Risk 2: Schema Fingerprint Migration Risk

Question

Can tidalDB safely add schema fingerprint persistence at open() time without breaking existing databases that were opened before the feature existed?

TidalDB Context

The Schema struct (/tidal/src/schema/validation/mod.rs) contains:

  • signals: HashMap<String, SignalTypeDef> -- signal names, decay params, windows, velocity config
  • embedding_slots: Vec<EmbeddingSlotDef> -- vector dimension config
  • text_fields: Vec<TextFieldDef> -- BM25 field config
  • creator_text_fields: Vec<TextFieldDef> -- creator search fields
  • policies: HashMap<String, AgentPolicy> -- session rate limiting

The fingerprint would hash signal names + decay parameters (the fields that affect storage layout and signal score interpretation). If an application opens a database with a different schema than was used to create it, signal scores become meaningless (wrong decay rates applied to stored data) and WAL replay produces incorrect results.
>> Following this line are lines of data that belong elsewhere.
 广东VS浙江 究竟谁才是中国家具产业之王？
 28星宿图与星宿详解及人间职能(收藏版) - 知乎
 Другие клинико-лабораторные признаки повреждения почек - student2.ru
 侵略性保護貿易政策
Currently there is no guard against this. open_with_schema() at /tidal/src/db/open.rs accepts any schema and proceeds.

Proposed Behavior

open() time:
  1. Compute fingerprint = hash(sorted signal names + decay params)
  2. Read stored fingerprint from fjall (e.g., well-known key in items keyspace)
  3. Match:
     a. No stored fingerprint -> bootstrap: write fingerprint, succeed
     b. Stored fingerprint == computed -> succeed
     c. Stored fingerprint != computed -> return TidalError::SchemaMismatch

Analysis of Bootstrap Logic

Case 1: Brand-new database (first open ever)
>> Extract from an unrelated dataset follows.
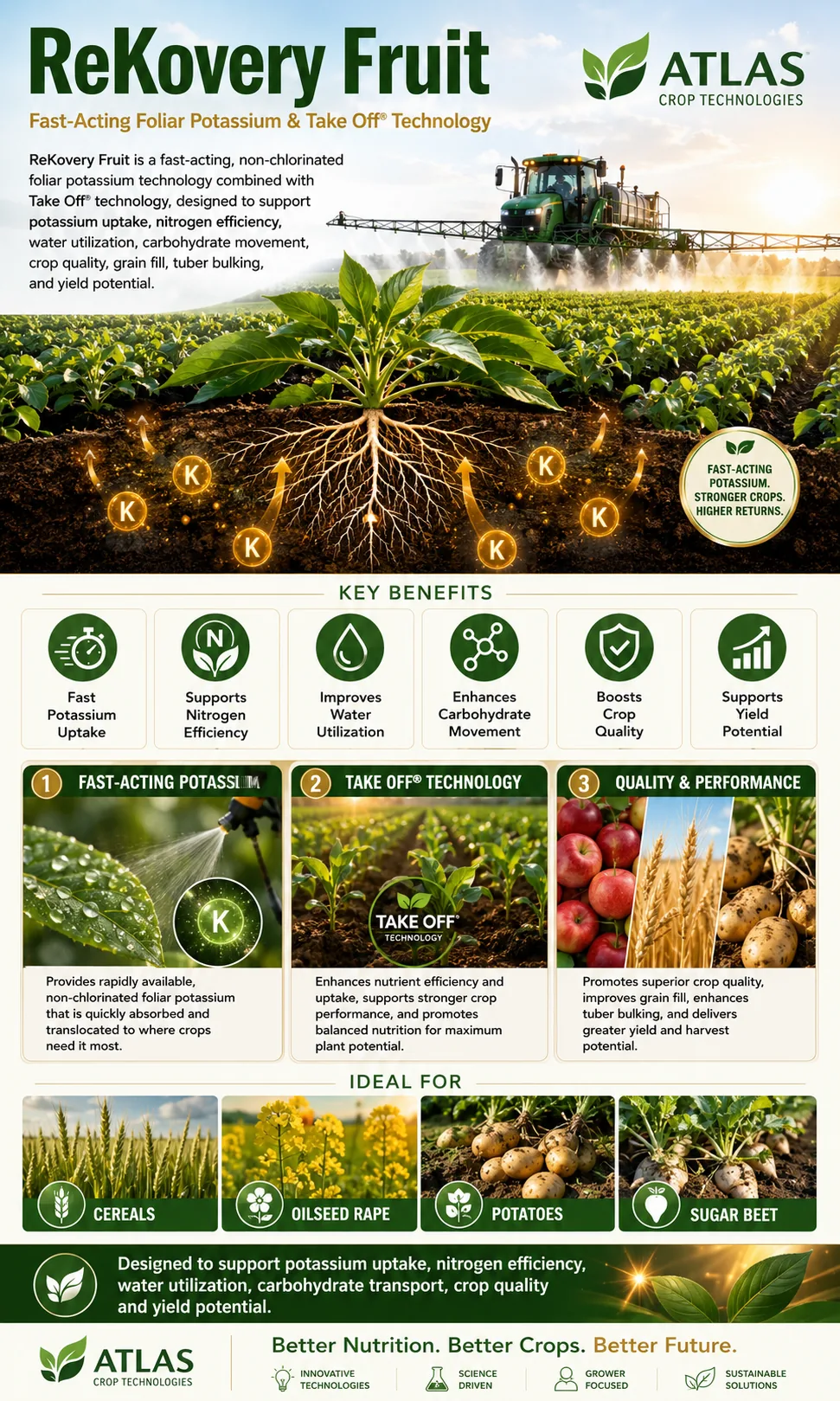 ReKovery Fruit fast-acting foliar potassium crop nutrition technology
No stored fingerprint. Write it. Succeed. This is correct -- there is no prior data to conflict with.

Case 2: Existing database, first open after feature addition

This is the migration risk. The database has data written with schema S1. The application opens with schema S2 (which may or may not equal S1). No stored fingerprint exists.

If S1 == S2 (common case): Bootstrap writes the fingerprint. All subsequent opens validate correctly. No problem.
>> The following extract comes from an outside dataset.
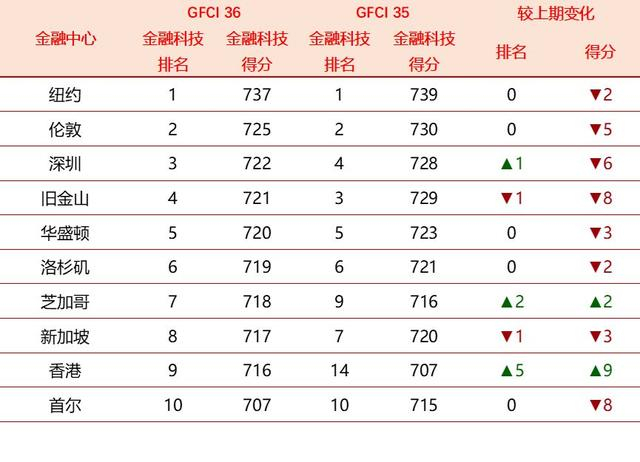 栏目主编：秦红 文字编辑：程沛 题图来源：图虫 图片编辑：徐佳敏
If S1 != S2 (the dangerous case the feature is supposed to prevent): Bootstrap writes the WRONG fingerprint (S2's, not S1's). The data was written with S1, but the fingerprint now says S2. The database is silently corrupted -- not by the fingerprint feature, but by the schema mismatch that already existed before the feature was added.

Verdict: The bootstrap case cannot distinguish "first open with this schema" from "schema was changed." This is inherent -- without a stored fingerprint, there is no ground truth to compare against. The bootstrap behavior is correct and safe because:

  1. If the schema matches, writing the fingerprint is harmless and enables future protection.
  2. If the schema does not match, the data was already corrupted before this feature existed. The fingerprint does not make it worse -- it just fails to detect the pre-existing problem.
  3. The alternative (refusing to open when no fingerprint exists) would break every existing database on the first upgrade. That is worse.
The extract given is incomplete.